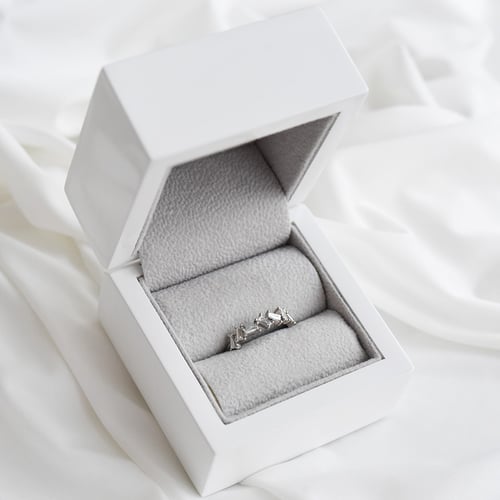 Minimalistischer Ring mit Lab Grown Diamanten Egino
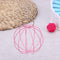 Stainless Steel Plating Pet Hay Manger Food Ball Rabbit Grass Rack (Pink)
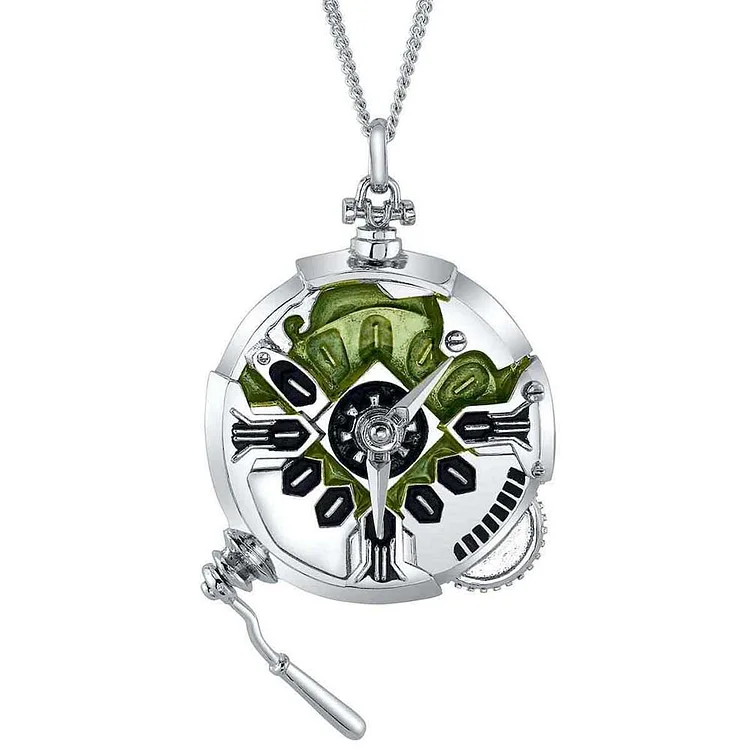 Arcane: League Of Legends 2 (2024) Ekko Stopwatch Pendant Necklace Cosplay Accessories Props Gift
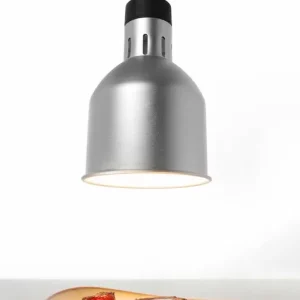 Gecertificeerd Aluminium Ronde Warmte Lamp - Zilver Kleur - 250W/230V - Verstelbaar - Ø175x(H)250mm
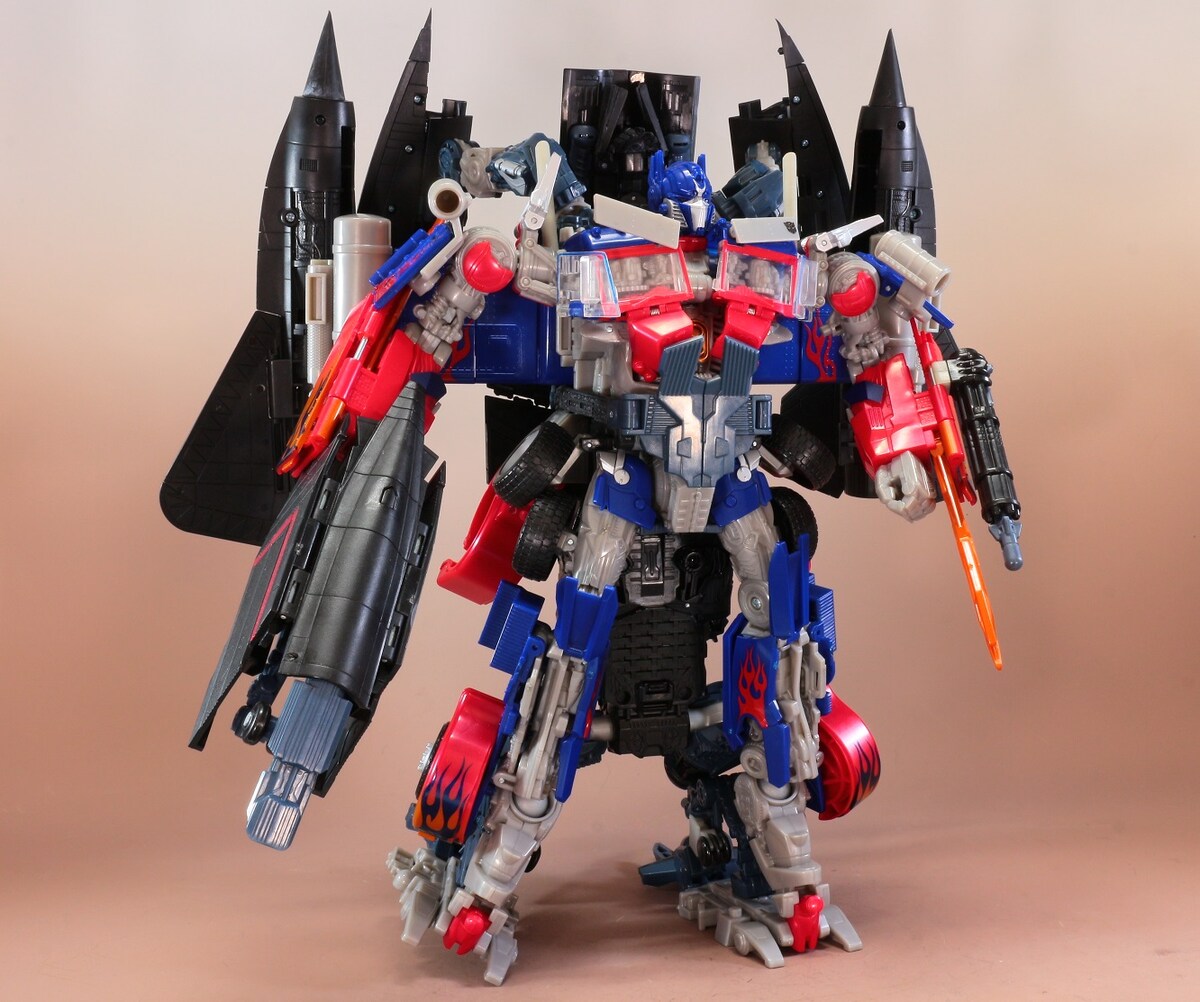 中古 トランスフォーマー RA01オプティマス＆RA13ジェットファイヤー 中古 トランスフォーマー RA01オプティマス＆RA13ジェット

...

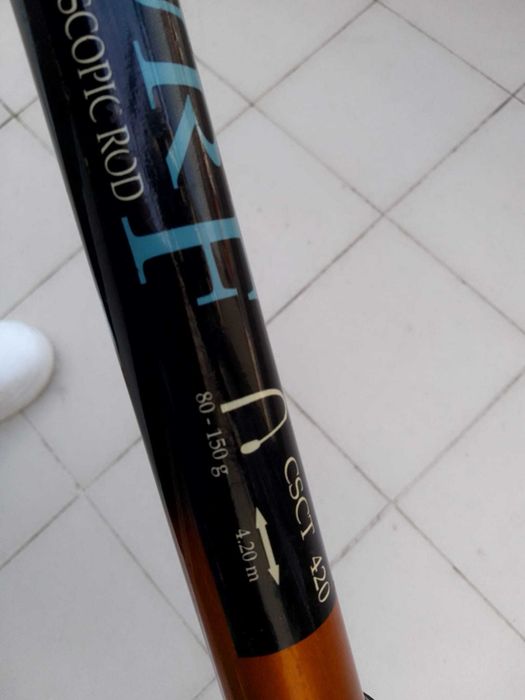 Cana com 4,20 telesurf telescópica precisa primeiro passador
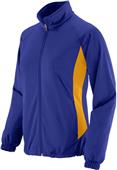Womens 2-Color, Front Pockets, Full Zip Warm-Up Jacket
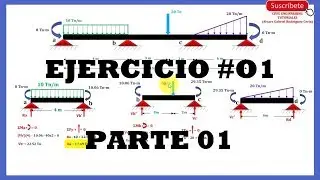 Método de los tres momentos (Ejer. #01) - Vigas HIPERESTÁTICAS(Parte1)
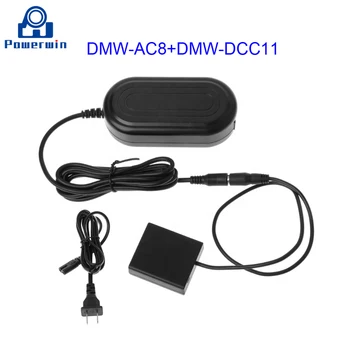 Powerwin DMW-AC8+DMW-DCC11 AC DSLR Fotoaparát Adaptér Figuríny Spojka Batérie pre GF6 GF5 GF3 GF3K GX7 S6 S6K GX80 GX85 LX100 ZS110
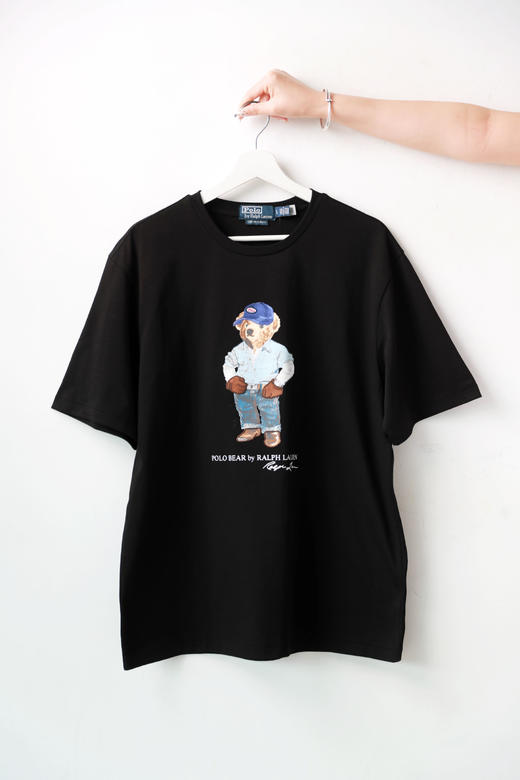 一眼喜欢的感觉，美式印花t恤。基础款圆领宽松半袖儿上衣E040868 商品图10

--

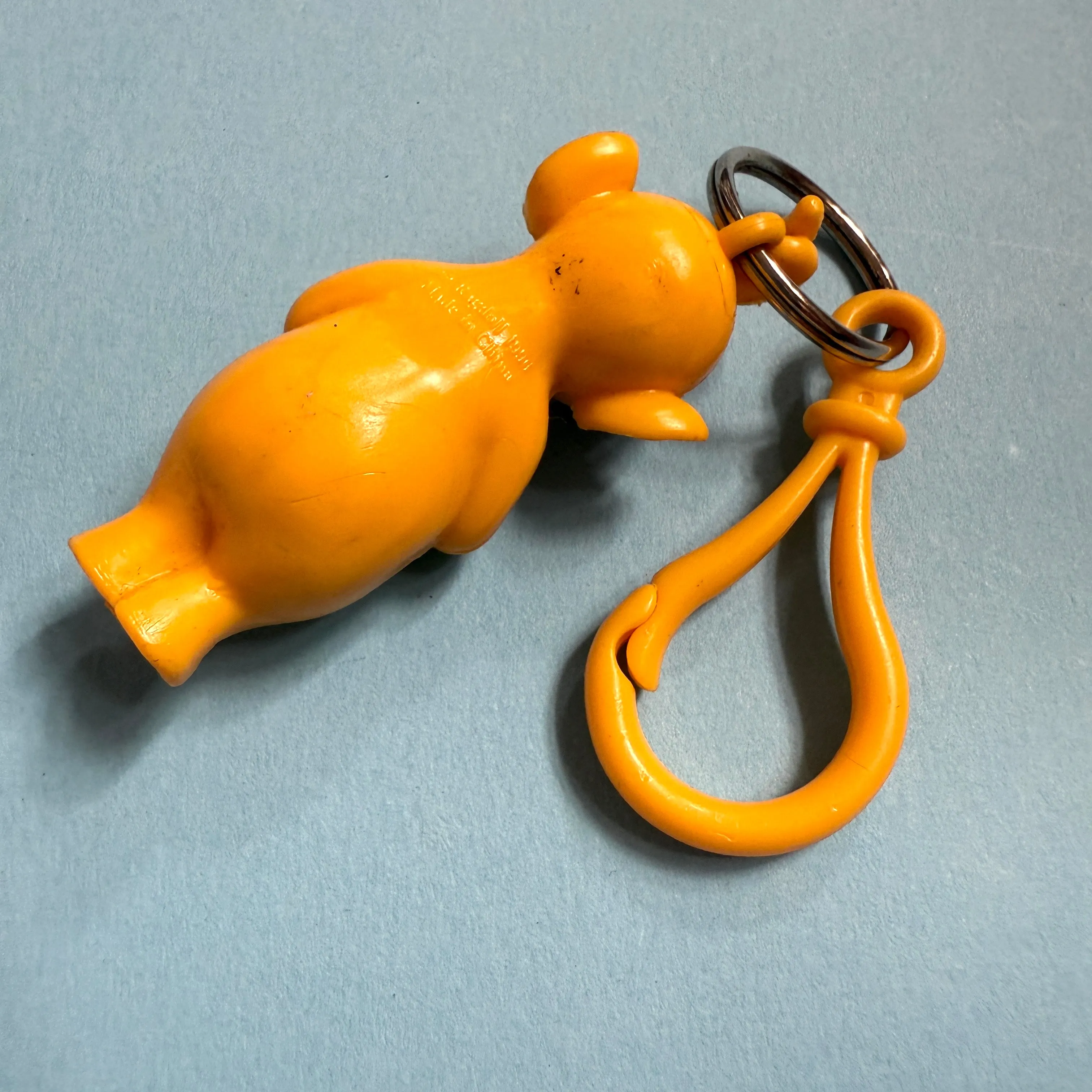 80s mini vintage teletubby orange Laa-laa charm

*HOW TO COMPLETE THIS TASK*
Using the listing above, reproduce word for word every line from the one containing "Minimalistischer Ring mit" through the one containing "中古 トランスフォーマー RA01オプティマス＆RA13ジェットファイヤー". Pictures must be left out.

*RESULT*
 Minimalistischer Ring mit Lab Grown Diamanten Egino
 Stainless Steel Plating Pet Hay Manger Food Ball Rabbit Grass Rack (Pink)
 Arcane: League Of Legends 2 (2024) Ekko Stopwatch Pendant Necklace Cosplay Accessories Props Gift
 Gecertificeerd Aluminium Ronde Warmte Lamp - Zilver Kleur - 250W/230V - Verstelbaar - Ø175x(H)250mm
 中古 トランスフォーマー RA01オプティマス＆RA13ジェットファイヤー 中古 トランスフォーマー RA01オプティマス＆RA13ジェット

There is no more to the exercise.